Laura se negó a caer en su desenfadada trampa y siguió protestando juguetonamente.

Sin embargo, Edwin estalló en carcajadas, dejando bien claro: «Siempre saco el lado salvaje, ¿verdad?».

Laura no pudo evitar pensar que era un desvergonzado.

Cuando empezó a salir con él, parecía un joven decente y con talento. Ahora hablaba con descaro y decía lo que le daba la gana. A pesar de ello, ella no conseguía enfadarse de verdad.

Edwin, como compañero intuitivo que era, la comprendía.

Le encantaba tomarle el pelo y le divertía ver cómo se sonrojaban sus mejillas.

El coche se deslizó suavemente en el viaje de vuelta.

Sentados en el coche aparcado abajo, ambos se sintieron un poco aturdidos.

Era el mismo lugar donde una vez la había dejado, llorando y esperándole bajo la lluvia.
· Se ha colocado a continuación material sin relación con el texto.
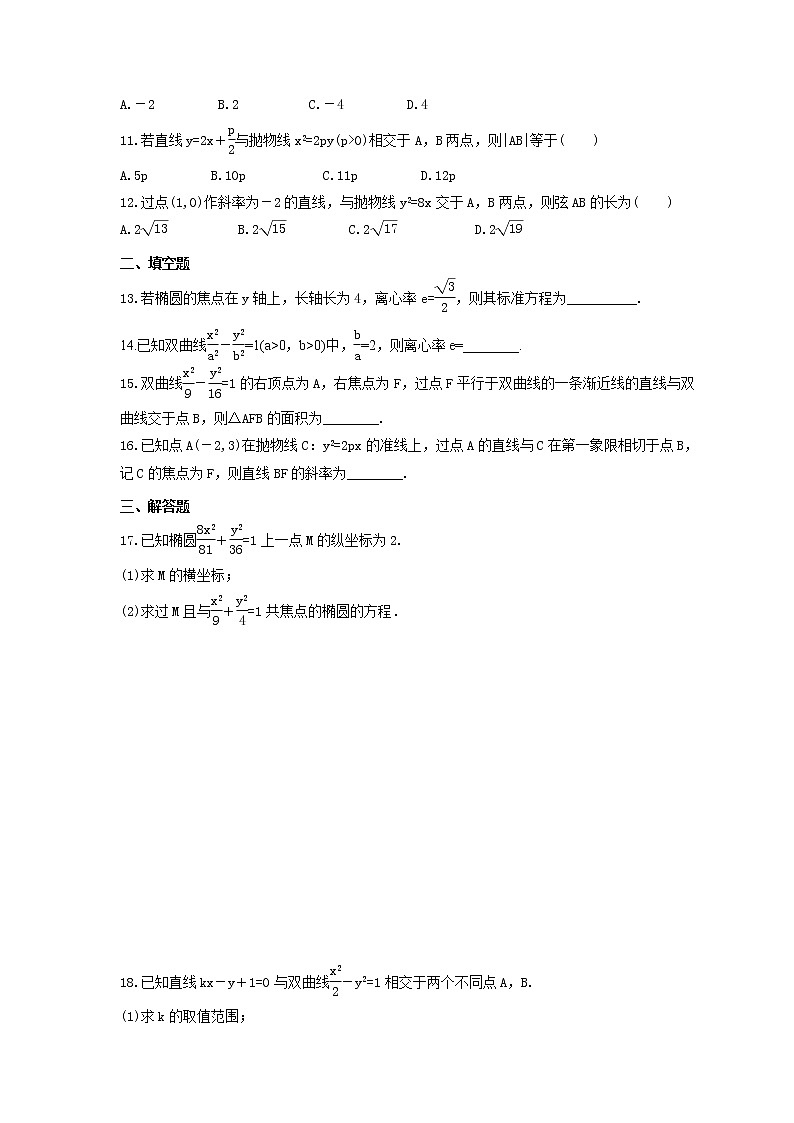 2021年高中数学选修《圆锥曲线》单元练习（解析版+原卷版）02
Sin embargo, en medio año, la había recuperado, transformándola en su propia Sra. Edwin.

Al cabo de un rato, Edwin se desabrochó el cinturón y se inclinó para darle un beso.

Su beso fue sincero, sus labios incluso temblaban por el calor de sus emociones, un testimonio de la agitación de su corazón.

Tras el beso, le susurró: «Laura, ahora somos marido y mujer».

Los brazos de ella le rodearon el cuello con naturalidad.

Normalmente era reservada en sus momentos íntimos, posiblemente debido a la naturaleza informal de su relación. Pero ahora él era su marido, todo su ser estaba dedicado a ella, y no había necesidad de contenerse.

Laura tomó la iniciativa y apretó los labios contra los suyos.

Inexperta, pero genuina y apasionada, lo besó sinceramente.

Edwin apreció su nueva asertividad. Tras un prolongado beso, la subió sin esfuerzo a su regazo y continuó besándola mientras murmuraba: «¿Subimos? ¿Hmm?»